TASK TO COMPLETE
The data below contains pictures, which are to be skipped; the lines starting at the line with "DOD Meatbox Sub Synth Effects Pedal" and ending at the line with "Tacticool22 M&P 15-22" are to be output exactly, both ends included.

DATASET CONTENT
━━━

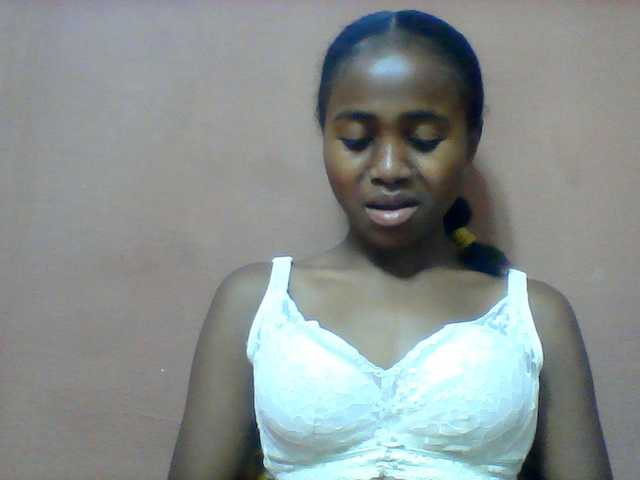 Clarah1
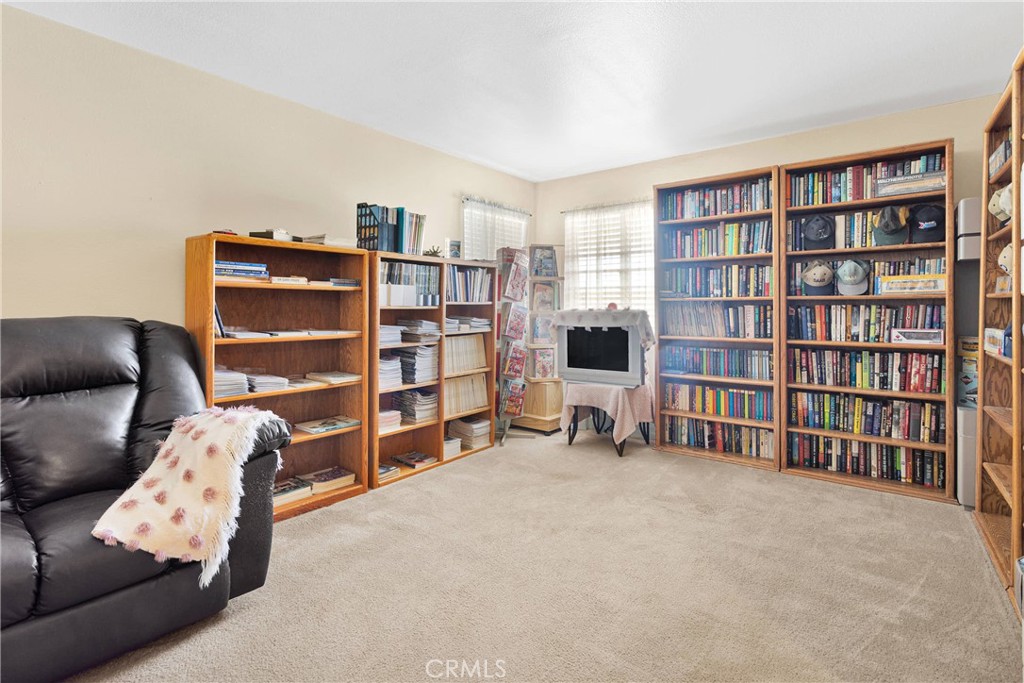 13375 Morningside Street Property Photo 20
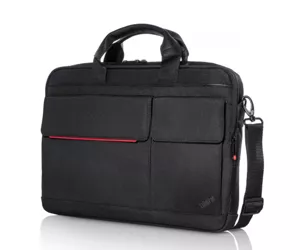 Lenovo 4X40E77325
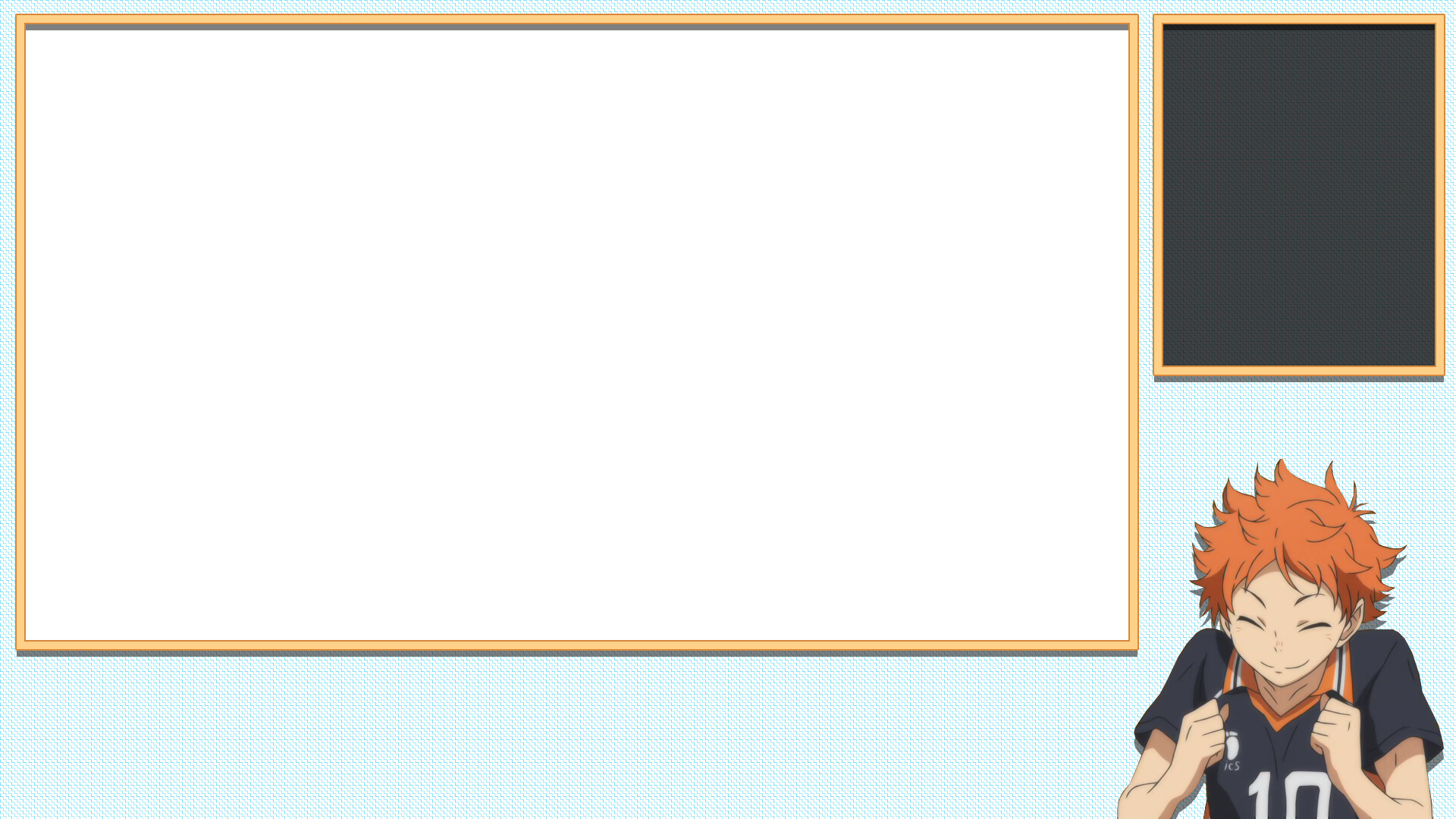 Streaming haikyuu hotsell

━━━

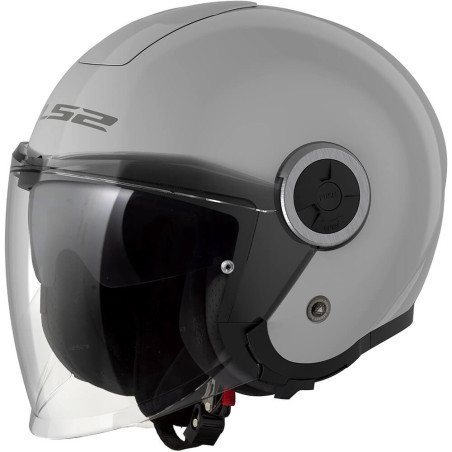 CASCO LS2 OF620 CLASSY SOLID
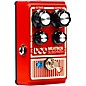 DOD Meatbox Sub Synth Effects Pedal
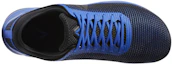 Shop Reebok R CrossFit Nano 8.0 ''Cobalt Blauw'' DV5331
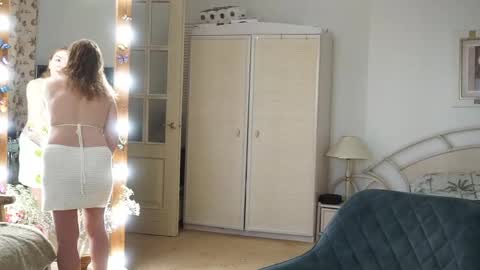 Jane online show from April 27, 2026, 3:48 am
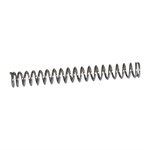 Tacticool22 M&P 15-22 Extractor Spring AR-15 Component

━━━

RESPONSE BELOW
 DOD Meatbox Sub Synth Effects Pedal
 Shop Reebok R CrossFit Nano 8.0 ''Cobalt Blauw'' DV5331
 Jane online show from April 27, 2026, 3:48 am
 Tacticool22 M&P 15-22 Extractor Spring AR-15 Component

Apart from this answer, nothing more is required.